Rock'n'Roll-Maschine

Auf das Nötigste reduziert, das große Vorbild klar im Visier und mit ausgesuchten Komponenten bestückt – das klingt nach einem sinnvollen Ansatz. Nur im Falle einer Gitarre muss ja nicht der Ansatz klingen, sondern eben, naja, ihr wisst schon. Vorhang auf für die Eastman SB55/v-SB!

Eastman 1

Ja, die schaut aus wie eine Junior. Klar, wie denn auch sonst? Der Gitarren-Designer bei Eastman Pepijn ’t Hart hat – bevor er überhaupt dran gedacht hat irgendwelche Eckpunkte einer eigenen Junior-Interpretation zu entwerfen –, sage und schreibe 20 alte Juniors aus den Jahren 1955 bis 1958 angespielt. Und da waren gute dabei, schlechte und durchschnittliche, aber eben auch sensationelle. Und damit hätte man dann auch eine Referenz gehabt. Wenn dann noch Faber-Hardware und Jason Lollar von Lollar Pickups mit ins Boot springen, kann kaum noch was schiefgehen. Die SB55 gibt es auch als Doublecut-Variante, die Zutatenlisten unterscheiden sich nicht voneinander. Die Eastman-Jungs weichen in bestimmten Details klar von der Vorlage des Originals ab, so kommt etwa Ebenholz für das Griffbrett anstelle Palisander zum Einsatz. Für den einteiligen (!) Korpus, übrigens mit Pepijns eigenem Design, basierend auf der SB59, und den einteiligen (!!) Hals kommt Okoume zum Einsatz. Dieses Holz aus der Familie der Balsambaumgewächse kennt man auch unter dem Namen Gabun-Mahagoni. Das liegt schlicht daran, dass dieses Holz einen Großteil der aus der Gabunischen Republik exportierten Hölzer ausmacht.

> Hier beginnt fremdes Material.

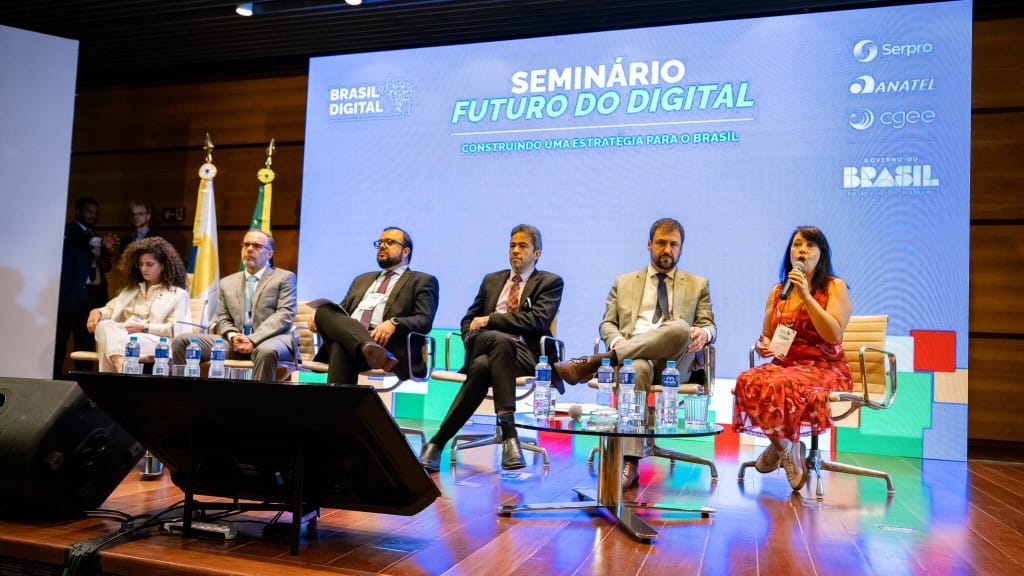 MCTI participa de seminário para debater o futuro digital do Brasil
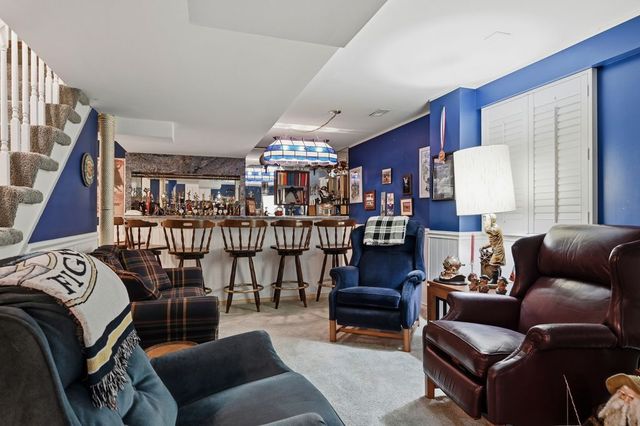 1411 W Allison Court, Arlington Heights, IL 60005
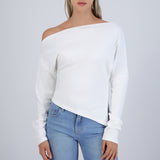Camiseta cuello barca asimétrica
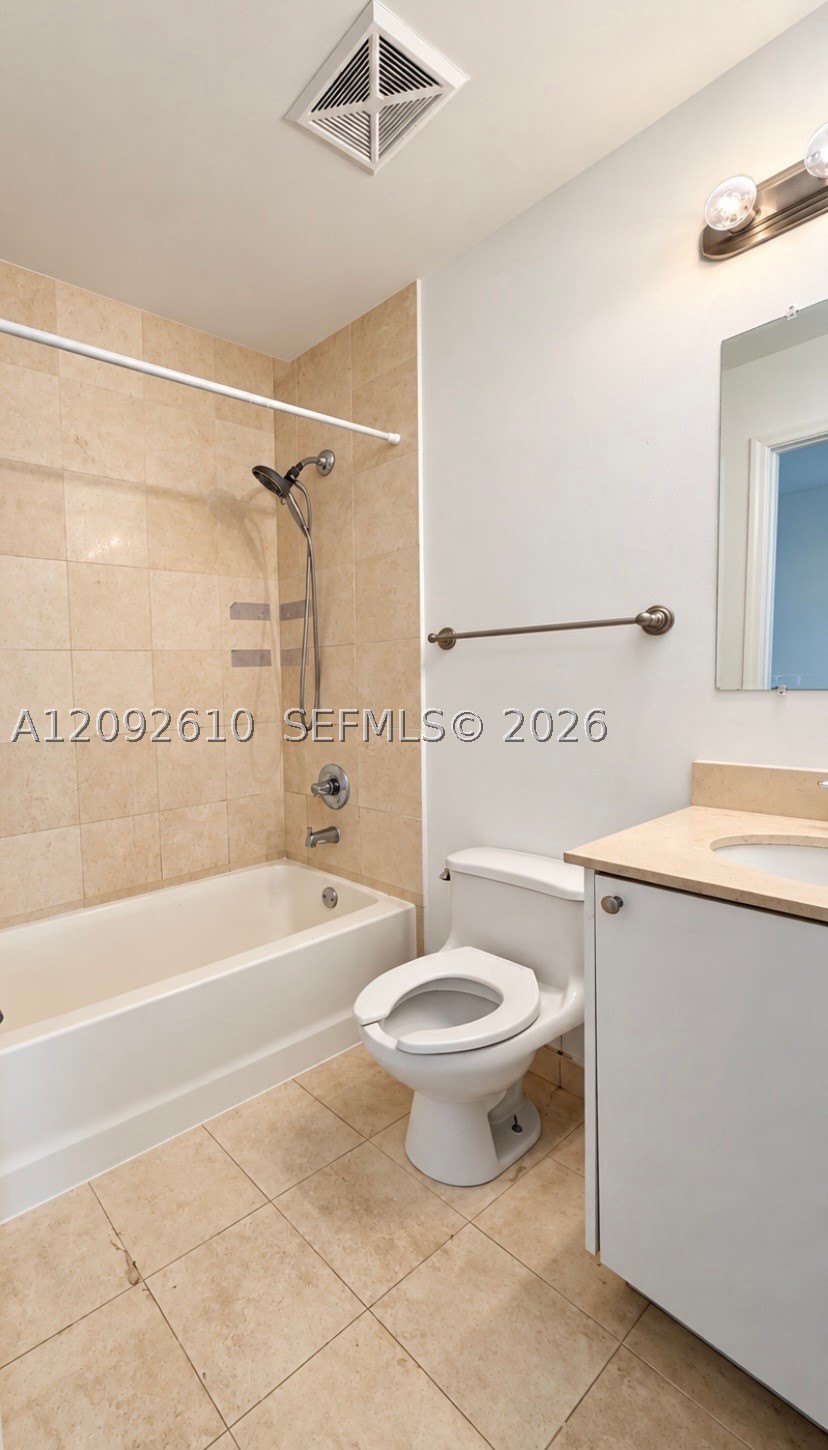 60 SW 13th St #1411, Miami FL 33130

Jetzt aber zurück an die Arbeit, was dem Verfasser im Falle der SB55 nicht sonderlich schwerfällt. Die Singlecut ist beim ersten Rausnehmen aus dem dazugehörenden Koffer direkt ein echtes Leichtgewicht, das Antique-Varnish-Finish ist ein Klassiker bei Eastman, das Sunburst ein echter Hingucker. Das dezente Aging trägt einen guten Teil zum Wohlfühl-Faktor bei. Man kann darüber streiten, ob es sinnvoll ist, neue Gitarren auf alt zu trimmen, anfühlen tut es sich, als hätte man die Geige Jahrzehnte durch die Gegend gezogen. Gleiches gilt für den Hals, ebenfalls aus Okoume, aber eben mit einem tiefschwarzen Ebenholzgriffbrett, was ich persönlich ja ziemlich geil finde. In besagtem Griffbrett sitzen 22 auf Hochglanz polierte und erstklassig verrundete Medium-Jumbo-Bundstäbchen, der Radius des Griffbretts beträgt 12 Zoll, die Mensur 62,8 cm oder 24,75 Zoll – alles ganz klassisch.

Eastman 3

Faber-haft!

Der Hals wird natürlich eingeleimt, für den Sattel kommt Knochen zum Einsatz, die Sattelbreite beträgt 42,8 Millimeter, der Sattel ist perfekt gekerbt, da klemmt nicht mal die G-Saite. Und das will was heißen, die klemmt in der Tat gerne, einfach wegen des recht starken Abknickwinkels nach dem Sattel.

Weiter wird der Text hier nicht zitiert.